26. The Court further observes that on 11 October 2006, the investigator decided not to return the body of Isa Kushtov to the applicants (see paragraph 15 above). This decision was taken in accordance with Article 3 of Decree no. 164 of 20 March 2003 and section 14(1) of the Interment and Burial Act, which precluded the competent authorities from returning the bodies of terrorists who died as a result of the interception of a terrorist act.
27. Having examined the applicable domestic law, the Court finds that in Russia the relatives of a deceased person who are willing to organise that person’s interment generally enjoy a statutory guarantee of having the body of that person returned to them for burial promptly after the establishment of the cause of death. They also benefit from a legal regime which makes them either the executors of the deceased’s statement of wishes as regards the burial proceedings or permits them to decide how the burial will take place, with both options being subject only to general safety and sanitary rules (see sections 3 to 8 of the Interment and Burial Act in the Sabanchiyeva and Others judgment, cited above, § 65).
28. Against this background, the Court finds that the authorities’ refusal to return the body of Isa Kushtov with reference to section 14(1) of the Interment and Burial Act and Article 3 of Decree no. 164 of 20 March 2003 constituted an exception from that general rule and deprived the applicants of an opportunity to organise and take part in the burial of their relative and also to know the location of the gravesite and to visit it subsequently.
29. Regard being had to its case-law and the above-mentioned circumstances of the case, the Court finds that the measure in question constituted an interference with the applicants’ “private” and “family life” within the meaning of Article 8 of the Convention (see Sabanchiyeva and Others, cited above, § 123 and Maskhadova and Others, cited above, § 212). It remains to be seen whether this interference was justified under the second paragraph of that provision.
(b) Whether the interference was justified
(i) “In accordance with the law”
30. Under the Court’s case-law, the expression “in accordance with the law” in Article 8 § 2 requires, among other things, that the measure or measures in question should have some basis in domestic law (see, for example, Aleksandra Dmitriyeva v. Russia, no. 9390/05, §§ 104-07, 3 November 2011), but also refers to the quality of the law in question, requiring that it should be accessible to the person concerned and foreseeable as to its effects (see Rotaru v. Romania [GC], no. 28341/95, § 52, ECHR 2000-V). In order for the law to meet the criterion of foreseeability, it must set forth with sufficient precision the conditions in which a measure may be applied, to enable the persons concerned – if need be, with appropriate advice – to regulate their conduct.
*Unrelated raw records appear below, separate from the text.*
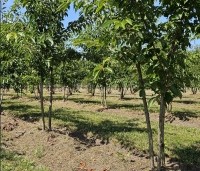 Prunus x yedoensis  - Yoshinokers - 2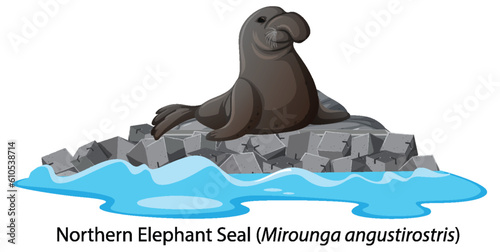 Northern elephant seal on isolated rock island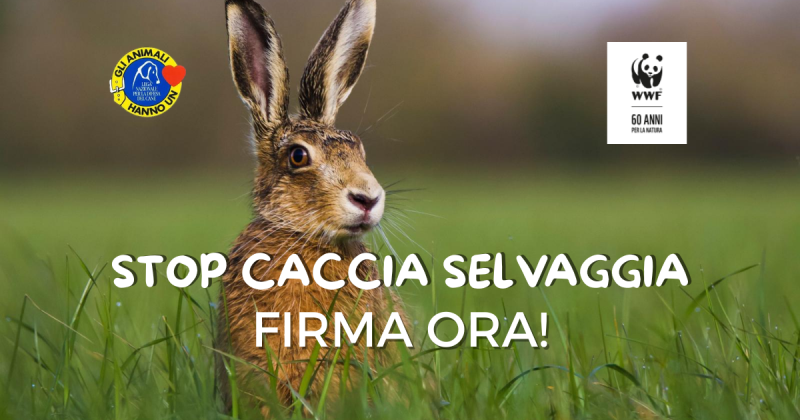 STOP CACCIA SELVAGGIA - firma ora!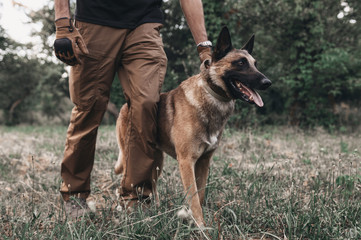 Portrait of a brown belgian malinois that walks on a leash with the owner. Dog training. Nature is man's friend. Walk with a pet in the park - obrazy, fototapety, plakaty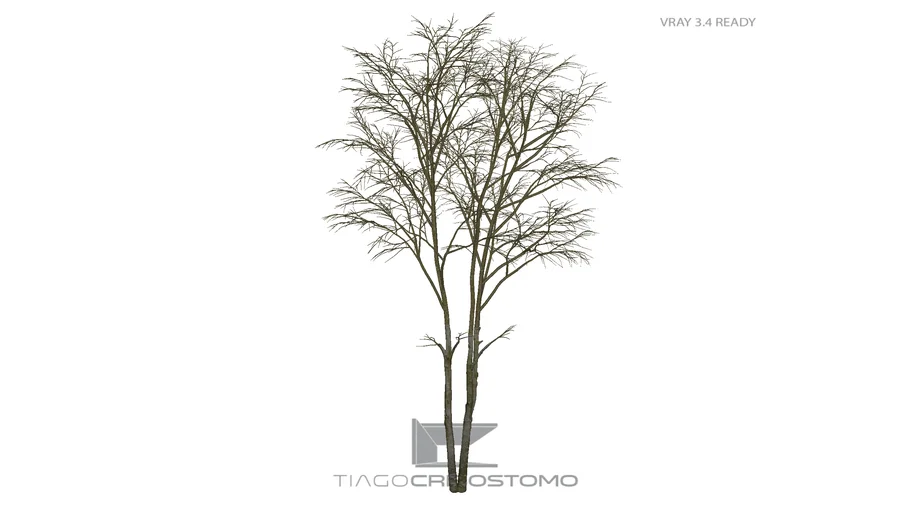 Tree - 001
31. The Court notes that the measure in question was taken in accordance with the relevant provisions of the Suppression of Terrorism Act, the Interment and Burial Act and Decree no. 164 of 20 March 2003, which provided that “[the body of a] terrorist who died as a result of an interception of a terrorist act” would not be handed over for burial and that the place of burial would not be revealed.
32. The Court finds that the decision of 11 October 2006 and the materials submitted by the Government clearly demonstrated the involvement of the applicants’ deceased relative in the armed and subversive activities of Shamil Basayev. Thus, the Court is satisfied that the refusal of the authorities to return the body of the applicants’ relative for burial had a legal basis in Russian law.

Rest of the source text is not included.